Written for newbies by someone who was just a newbie myself a few weeks ago :) This is cloth nappies broken down into their simplest form!

There are a few main areas where cloth nappies differ. 

Firstly, the style of nappy. There are 3 main styles, known as fitted, pocket and all in one (AIO) also known as an All in two if the insert poppers out to aid drying time (AI2). 

Flat/Pre-Fold~ This is the very basics of cloth nappies and includes things such as terry towelling squares. They are flat squares of an absorbent material which are then folded into a nappy shape and secured using safety pins or nappi nippas. They require seperate waterproof wraps. These are the cheapest way to do cloth nappies and it's possible to find numerous web guides on different types of fold out there on the internet.

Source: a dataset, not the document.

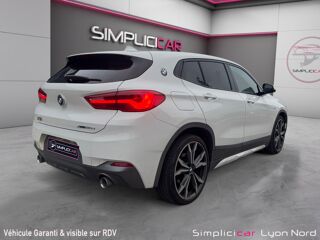 X2 M Sport 2018 occasion 69730 Genay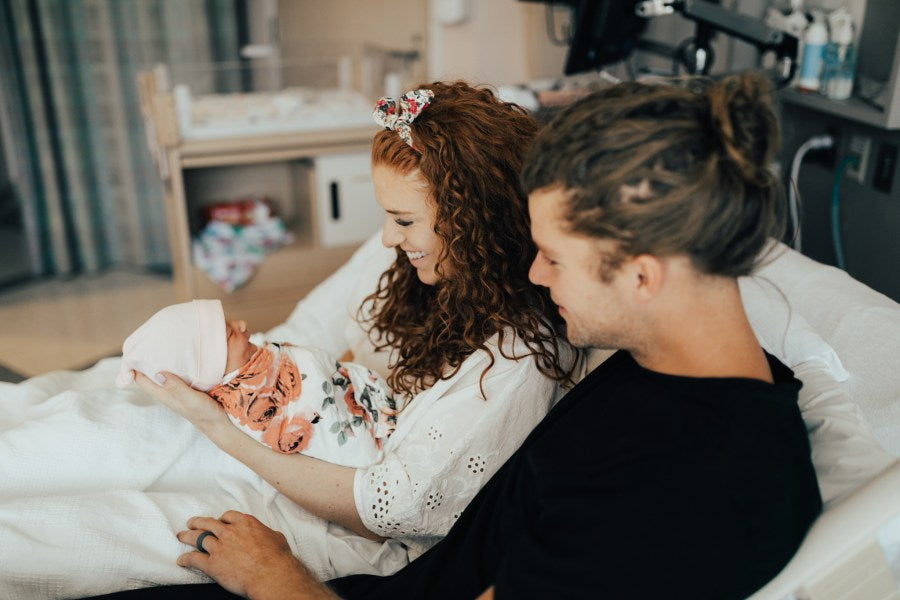 Audrey Roloff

Fitteds- These are a shaped nappy that are made entirely from an absorbent material. They don't contain a waterproof layer and as such they require a seperate waterproof wrap. Fitted nappies tend to be cheaper than other types. You also need less nappies than wraps, again making them more economical. Fastenings can vary-velcro, poppers and styles which require safety pins or nappi nippers are all available.

Example- Tots Bots Bamboozle, Tots Bots Stretchy, Tots Bots wraps.

Pocket- These nappies are made from two layers. Generally a waterproof outer layer which can either be fluffy or printed fabric and an inner layer. They then have an opening to either the front or back of the nappy into which an absorbent insert is placed. Fastenings are poppers or velcro. These tend to dry quicker than AIO and the absorbency can easily be adjusted to suit your babies' needs. 

Example- Green Kids, Blueberry, Pocketbots, Neppula (plus many more, these are a popular nappy style). 

AIO/AI2- These are the ultimate in convenience for cloth nappies. In a similar fashion to pocket nappies they have a waterproof layer built in and are available in a number of patterns as well as plain styles. This style of nappy in an AIO style has all of the absorbent materials sewn in, so you just put it on and take it off as a disposable and then wash. To aid drying time these can also be available as in AI2 (aka SIO), where the aborbent insert poppers in using press studs and then poppers out again for washing and drying. 

Example- Itti Bitti D'lish AIO, Itti Bitti D'lish SIO, La P'tite Prairie


Another area in which nappies can differ is whether to buy one sized (also known as birth to potty or BTP) or sized nappies. BTP nappies are more economical as in theory they fit your child through from birth until they no longer require nappies. However, these can be bulky on smaller babies and some babies will outgrow them before they are potty trained. Sized nappies require you to buy more than one size as your child grows. Nappies do tend to have a high resale value though so this can also end up not costing too much more. Itti Bittis for example retail at between £11.50-£13. They can be resold for £8-10 as a general guide. 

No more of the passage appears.